Comment s’est passé la rencontre avec les films, comment les juger, les accueillir ?

Ce n’était pas complètement nouveau pour moi car j’ai déjà eu l’occasion de prendre part à des jurys à plusieurs reprises lors de festivals. Malgré tout, cela reste un exercice particulier qui n’est pas évident. Cela tient beaucoup à la sensibilité, au ressenti personnel de chacun des membres du jury, il faut donc se mettre d’accord mais cela s’est passé assez naturellement entre nous, ce qui est toujours une bonne nouvelle. Nous avions à notre disposition certains critères sur lesquels nous pouvions nous appuyer afin de noter les projets et nous faire une opinion globale. Cela tient au traitement du sujet, l’esthétique bien sûr mais aussi l’originalité apportée ainsi que l’utilisation du format vertical qui est une part importante dans les Nespresso Talents. 

Quelles grandes tendances éditoriales ressortent de tous les projets visionnés ? Quelle thématique générale ?

Je dois avouer qu’avec une thématique telle que les cercles vertueux je m'attendais à voir encore davantage de projets traitant d’écologie de façon très directe. Il y en avait bien sûr et j’en ai été ravie. Mais j’ai été très intéressée de constater qu’il s’agissait tout autant pour les participants d’une occasion de traiter de sujets sociaux et de société. La solidarité, l’importance des liens sociaux, familiaux, amicaux, amoureux ont été l’objet de beaucoup de projets. L’énergie humaine qui circule et crée effectivement des cercles vertueux, des effets papillon à échelle locale... la diversité des idées présentées était riche. 

Les Nespresso Talents mettent avant la jeunesse : quelles problématiques esthétiques et cinématographiques semblent revenir régulièrement ?
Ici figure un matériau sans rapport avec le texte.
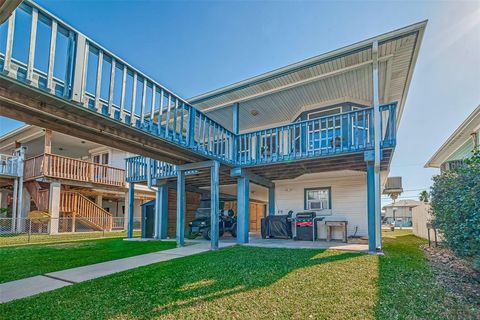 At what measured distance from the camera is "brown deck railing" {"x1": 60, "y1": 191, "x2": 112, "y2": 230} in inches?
524

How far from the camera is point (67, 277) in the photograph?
457 centimetres

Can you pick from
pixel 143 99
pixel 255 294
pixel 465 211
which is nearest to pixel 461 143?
pixel 465 211

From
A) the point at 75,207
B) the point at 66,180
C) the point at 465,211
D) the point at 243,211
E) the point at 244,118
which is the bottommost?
the point at 75,207

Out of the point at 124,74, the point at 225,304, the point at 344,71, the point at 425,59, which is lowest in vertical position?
the point at 225,304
Il s’agit en effet d’un concours qui souhaite faire participer avant tout la jeunesse même s’il est bien sûr ouvert à tous, et c’est d’ailleurs ce qui a permis la diversité de la sélection que nous avons pu visionner. Je pense que le format vertical est particulièrement difficile à aborder car il s’agit d’un format qui n’a pas encore été traité par la fiction, ou très peu. Il n’y a donc pas de références en la matière. Tout est permis mais tout est à inventer, et quand on ajoute à cela la durée limitée à deux ou trois minutes, c’est un vrai défi. On sent qu’il y a pour certains de l’hésitation, de l’expérimentation, cela cherche à transformer un format typique « réseaux sociaux » en un support adapté à la fiction et cela n’est pas simple. D’autres ne parviennent pas encore complètement à jouer de cette nouvelle liberté et/ou contrainte, car on retrouve des plans très inspirés du cinéma. Dans tous les cas, on sent que les participants aiment l’image et qu’ils y apportent leur esprit. 

Avez-vous vu des trouvailles techniques, des prises de risques esthétiques ?

Il y a quelques projets qui se centrent sur l’esthétique et le procédé de réalisation, et nous avons aussi pu voir du stop motion, de l’animation par exemple. Pour ma part, je suis particulièrement sensible à l’esthétique, et donc à ce type de geste, cela me parle d’une idée, d’une envie d’image, d’une recherche d’originalité et de trouver un style. Ce type d’événements comme les Nespresso Talents sert justement à révéler ce genre d’envies, de personnalités hors cadres.

Propos recueillis par la rédaction.

A noter : trois réalisateurs récompensés dans la sélection française : Florent Devier, Victor Hanotel & Déborah et Florent Benigni.